On July 31, with the St. Louis Cardinals — the team with the best record in the National League — in town, the Dodgers announced a crowd of 44,543 on a day the stands appeared closer to half-empty at the 56,000-seat stadium. They also announced attendance of 47,877 for a game three days earlier against the Cincinnati Reds, but huge chunks of the right-field pavilion and the new luxury seats beyond third base were unoccupied, with blocks of empty seats sprinkled throughout each level of the stadium….

National League teams announced an actual turnstile count through 1992, MLB spokesman Rich Levin said. But the National League and American League have since consolidated business operations, and Major League Baseball defines attendance as “tickets sold,” not “tickets used.”

“It’s because of revenue sharing,” Levin said. “That’s what we use in our official count.”

Bill Shaikin, L.A. Times, Aug. 23, 2005.

Dear everybody,

Very often a baseball team announces an attendance for a game that seems way higher than the number of people who are actually at the game. I realize this is funny or strange or concerning to you, so you note it in your blog or newspaper column or talk-radio monologue.
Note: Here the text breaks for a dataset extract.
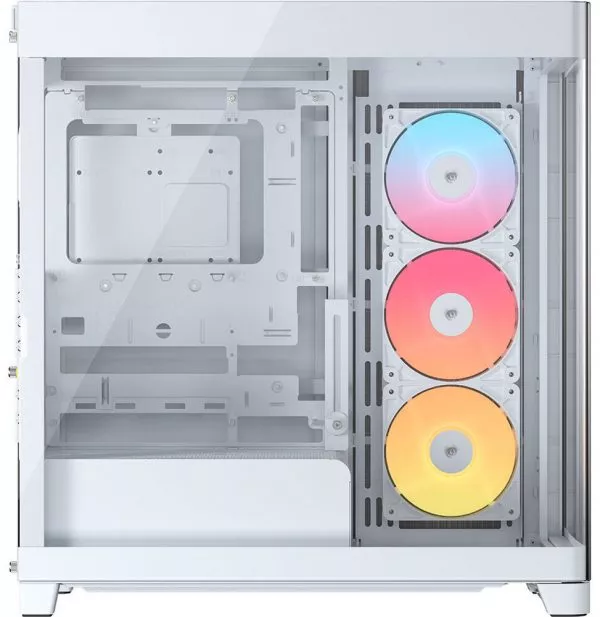 Boîtier PC Gaming FRAME 4500X RS-R ARGB Mid-Tower Blanc (840440402787)
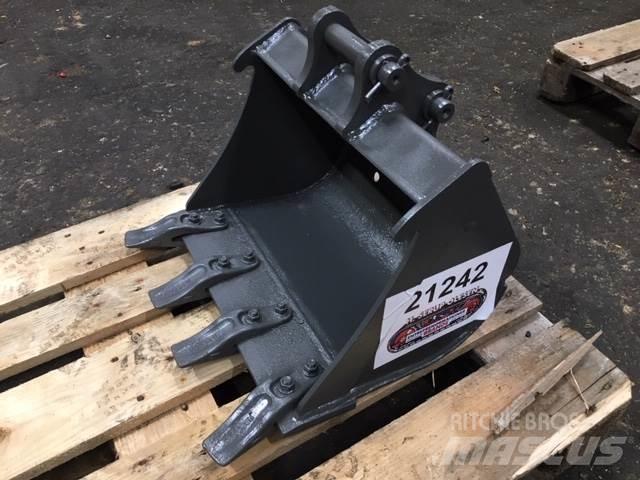  500 mm Graveskovl ex. Demo Kausi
But for better or worse, Major League teams announce the paid attendance at games — the number of tickets sold, not the number of asses in seats — and have, I believe, for every game since 1992.

So if the paid attendance figure seems to have no bearing on the number of people actually in attendance at a ballgame, you can feel free to either dismiss it entirely, or note it and mention without snark that the figure represents tickets sold, as per standard baseball practice and not any conspiracy peculiar to that baseball team.

I know you’re not actually listening to me, everybody, but I wish you would because you just keep bringing up this same distinction between announced attendance and actual attendance like you’re the first person to ever notice it, when meanwhile Maury Brown wrote a whole thing last year explaining why it happens and how it’s actually worse in other sports.

Good day, and I look forward to seeing photographs of your cats.